Co do wieku to myślę że to idzie kwestia charakteru , moja matula ma 47lat a jest bardziej na czasie niż nie jedna moja koleżanka :-D

Co do życia osobno to czasami mieć mniej ze soba kontaktu niż go za duzo :-D
 
No dokladnie...z tym kontaktem...widze kumasz czacze :-D my nie jestesmy sklocone ani nic...jakis wspolny grill czasami tez jak najbardziej ale byle nie za duzo po prostu,mieszkamy obok siebie i absolutnie jedna drugiej w ogole w parade nie wchodzi...predzej to moj M z jej facetem :-D jakies tam maja konflikty niz my.. Ona jest bardzo neutralna i w sumie to bardzo ja lubie.
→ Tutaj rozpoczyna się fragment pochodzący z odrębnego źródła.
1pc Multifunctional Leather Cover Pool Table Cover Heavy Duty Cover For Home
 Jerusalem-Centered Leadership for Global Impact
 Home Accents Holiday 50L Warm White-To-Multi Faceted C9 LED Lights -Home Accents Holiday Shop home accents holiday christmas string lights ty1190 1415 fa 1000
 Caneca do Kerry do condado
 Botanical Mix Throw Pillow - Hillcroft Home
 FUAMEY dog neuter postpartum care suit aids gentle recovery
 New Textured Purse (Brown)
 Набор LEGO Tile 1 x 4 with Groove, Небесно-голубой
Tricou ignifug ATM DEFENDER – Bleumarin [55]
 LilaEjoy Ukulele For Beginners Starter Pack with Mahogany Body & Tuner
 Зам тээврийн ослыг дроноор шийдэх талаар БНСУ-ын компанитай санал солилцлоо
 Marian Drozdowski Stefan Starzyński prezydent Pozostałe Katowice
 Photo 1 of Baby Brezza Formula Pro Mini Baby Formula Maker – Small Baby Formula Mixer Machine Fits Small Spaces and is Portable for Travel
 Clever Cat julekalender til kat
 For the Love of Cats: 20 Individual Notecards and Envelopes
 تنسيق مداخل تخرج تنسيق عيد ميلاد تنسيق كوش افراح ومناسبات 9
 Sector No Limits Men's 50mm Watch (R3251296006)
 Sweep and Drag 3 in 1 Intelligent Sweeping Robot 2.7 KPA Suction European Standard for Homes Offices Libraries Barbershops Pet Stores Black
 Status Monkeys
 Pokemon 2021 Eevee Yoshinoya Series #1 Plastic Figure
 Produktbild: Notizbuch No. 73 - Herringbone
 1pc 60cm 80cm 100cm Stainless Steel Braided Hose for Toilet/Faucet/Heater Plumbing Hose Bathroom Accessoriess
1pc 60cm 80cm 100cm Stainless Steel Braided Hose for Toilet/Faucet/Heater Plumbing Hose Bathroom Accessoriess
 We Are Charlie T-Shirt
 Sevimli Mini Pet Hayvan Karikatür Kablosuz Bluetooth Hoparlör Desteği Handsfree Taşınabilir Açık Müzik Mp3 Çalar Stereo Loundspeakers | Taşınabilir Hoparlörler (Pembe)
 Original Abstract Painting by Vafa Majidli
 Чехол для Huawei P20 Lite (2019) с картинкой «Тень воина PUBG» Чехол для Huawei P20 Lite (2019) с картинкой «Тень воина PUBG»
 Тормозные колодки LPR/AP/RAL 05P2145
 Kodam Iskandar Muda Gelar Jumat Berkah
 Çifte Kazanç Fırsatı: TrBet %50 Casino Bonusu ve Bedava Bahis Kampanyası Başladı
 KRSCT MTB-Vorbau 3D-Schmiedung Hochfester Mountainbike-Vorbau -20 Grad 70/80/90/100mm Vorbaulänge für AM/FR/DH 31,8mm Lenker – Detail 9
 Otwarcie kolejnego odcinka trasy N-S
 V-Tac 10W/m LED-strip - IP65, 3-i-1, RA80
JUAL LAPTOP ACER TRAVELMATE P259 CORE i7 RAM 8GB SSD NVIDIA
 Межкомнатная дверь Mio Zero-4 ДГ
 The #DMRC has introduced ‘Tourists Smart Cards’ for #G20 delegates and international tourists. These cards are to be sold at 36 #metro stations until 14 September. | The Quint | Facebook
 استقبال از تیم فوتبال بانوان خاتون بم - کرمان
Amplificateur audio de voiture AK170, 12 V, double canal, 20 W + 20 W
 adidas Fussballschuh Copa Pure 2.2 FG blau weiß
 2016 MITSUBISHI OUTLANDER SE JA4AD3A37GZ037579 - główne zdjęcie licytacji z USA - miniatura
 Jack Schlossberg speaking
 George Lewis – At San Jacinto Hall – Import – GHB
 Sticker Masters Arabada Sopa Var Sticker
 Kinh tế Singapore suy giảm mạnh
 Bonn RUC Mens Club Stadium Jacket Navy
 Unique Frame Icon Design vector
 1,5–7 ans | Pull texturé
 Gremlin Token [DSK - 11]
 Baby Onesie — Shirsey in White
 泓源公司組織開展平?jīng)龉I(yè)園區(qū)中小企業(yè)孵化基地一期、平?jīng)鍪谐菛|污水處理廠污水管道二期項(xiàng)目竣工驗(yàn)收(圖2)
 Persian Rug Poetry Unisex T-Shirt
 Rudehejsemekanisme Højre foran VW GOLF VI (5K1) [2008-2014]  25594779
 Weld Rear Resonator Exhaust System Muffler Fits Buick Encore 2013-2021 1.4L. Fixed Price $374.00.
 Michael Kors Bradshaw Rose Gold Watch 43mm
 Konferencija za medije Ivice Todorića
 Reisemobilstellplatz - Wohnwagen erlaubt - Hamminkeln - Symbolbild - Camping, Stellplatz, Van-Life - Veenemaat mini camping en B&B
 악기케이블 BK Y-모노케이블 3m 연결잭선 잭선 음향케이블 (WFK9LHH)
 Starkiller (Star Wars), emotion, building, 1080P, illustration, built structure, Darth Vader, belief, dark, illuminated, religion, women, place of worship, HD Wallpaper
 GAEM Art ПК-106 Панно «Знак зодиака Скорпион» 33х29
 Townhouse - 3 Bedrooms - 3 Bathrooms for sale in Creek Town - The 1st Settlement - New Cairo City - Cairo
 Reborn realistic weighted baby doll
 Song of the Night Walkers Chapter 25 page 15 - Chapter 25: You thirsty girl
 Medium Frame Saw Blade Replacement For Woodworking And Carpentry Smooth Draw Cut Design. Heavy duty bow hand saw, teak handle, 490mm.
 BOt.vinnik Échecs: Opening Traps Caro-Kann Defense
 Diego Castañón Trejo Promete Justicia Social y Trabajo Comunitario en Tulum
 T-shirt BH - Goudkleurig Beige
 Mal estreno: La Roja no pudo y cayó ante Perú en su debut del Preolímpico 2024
To jest zapisane na nas...my mamy swoje,szwagierka siostra mojego M ma swoje i tescie ...po ich smierci ich polowe przejmnie ich drugi syn,ktory mieszka jeszcze z nimi.Moj M ma jeszcze jedna siostre...ale ta nie chce mieszkac w lesie,probowala ale doszla do wniosku,ze to nie dla niej tak wiec bedziemy musieli my wszyscy ja splacic.
A przyszlismy tu mieszkac bo chcielismy wlasnie kupic dom...ale nie chcieli nam dac wiekszego kredytu jak 100 tys. i tesc powiedzial,ze mozemy sobie wziac te jedna czesc jak ja wyremontujemy... bo to jego wszystko,kupil to ze 25 lat temu.
 
Ostatnia edycja:
Wrocilam...nie chce mi sie chodzic bo jakos chlodno jest i ten wiatr taki zimny brr...u was tez taka pogoda zimna?..
zrobilam tosty mniam...:-)

To Jola troche rozjasnilas sytuacje :tak::tak: teraz wiem co i jak ;-);-)

Delfin no ciezka decyzja przed toba , musisz przemyslec dobrze skoro obowiazki i tak na ciebie spadna :confused:
Ale bylas zdecydowana przeciez na kupno? to teraz jakies wahania widze dopadly hehe...
no nic trzymam kciuki za dobre rozpatrzenie sprawy ;-):-)
 
reklama
Teraz rozumiem:-D :)

My tu oglądaliśmy domki to za 120 tys juz można super dom znaleźć . Właśnie dlatego chcemy trochę odłożyć i później sprzedać to co mamy w pl i resztę wziąśc na kredyt . No chyba że stwierdzimy że wracamy do PL :-DAktualnie to długa droga przed Nami :-D;-)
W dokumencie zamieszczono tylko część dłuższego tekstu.